Tercatat, bapak 2 anak ini telah menuliskan 5 buah buku. Pertama adalah tahun 1996 ia menulis sebuah buku berjudul Economic Cooperation for Regional Stability.
Tiga tahun setelah itu, pada 1999 Habibie kembali menulis sebuah buku berjudul Rhapsody: Light, Speed, Time, and Space.
Berselang cukup lama, pada 2006 Habibie kembali menuliskan buku, kali ini mengangkat tema demokrasi negara dan berjudul Decisive Moment: Indonesia’s Long Road Towards democracy.
Buku keempatnya cukup berbeda, kali ini ia menuliskan tentang kisah cintanya bersama Ainun yang sangat dicintainya. Karyanya ini ia beri nama Habibie & Ainun.
Masih berlanjut menceritakan kisah asmaranya bersama sang kekasih, Habibie kembali menulis buku berjudul Habibie & Ainun: The Power of Love: The True Story from The Former Precident and His Wife pada tahun 2011.
Buku terakhir ini ia rampungkan setahun setelah sang istri mangkat pada 2010.
Baca juga: Habibie Akan Dimakamkan di Samping Makam Ainun
Merampungkan pendidikan di bidang teknik dan menyenangi dunia kedirgantaraan, Habibie berhasil membuat sebuah pesawat yang untuk pertama kalinya bisa dilakukan di Indonesia.

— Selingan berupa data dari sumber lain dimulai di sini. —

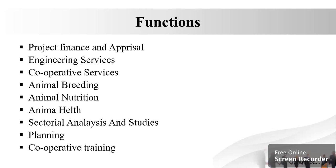The next function, animal nutrition. Efficient milk production in dairy animals requires efficient feed management. Profitability of dairy depends upon their main factors.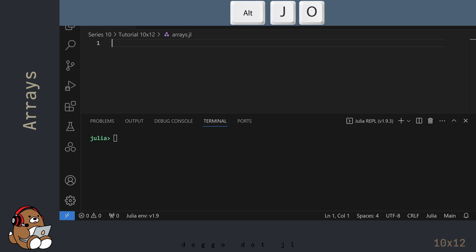I'm in VS Code, and I've already created a new .jl file. I've also launched the Julia REPL by using Alt-J, then Alt-O. And I've adjusted my user interface so that my REPL window takes up roughly half of my screen.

N250 Gatot Kaca diproduksi oleh Industri Pesawat Terbang Nusantara (IPTN) atau yang sekarang berganti nama menjadi PT Dirgantara Indonesia
Pesawat udara ini sudah ia rancang sejak tahun 1995. Dalam prosesnya ia juga berperan langsung sebagai pemimpin dalam proyek ini.
Setengah dasawarsa waktu ia butuhkan hanya untuk melengkapi desain awal dari pesawat turboprop yang menggunakan fly by wire dengan jam terbang 900 jam, pertama di dunia itu.
Pesawat itu ia rancang tanpa mengalami “Dutch Roll”.
Adapun teknologi yang ia terapkan dalam pembuatan N50 Gatot Kaca sudah ia persiapkan untuk jangka waktu 30 tahun mendatang.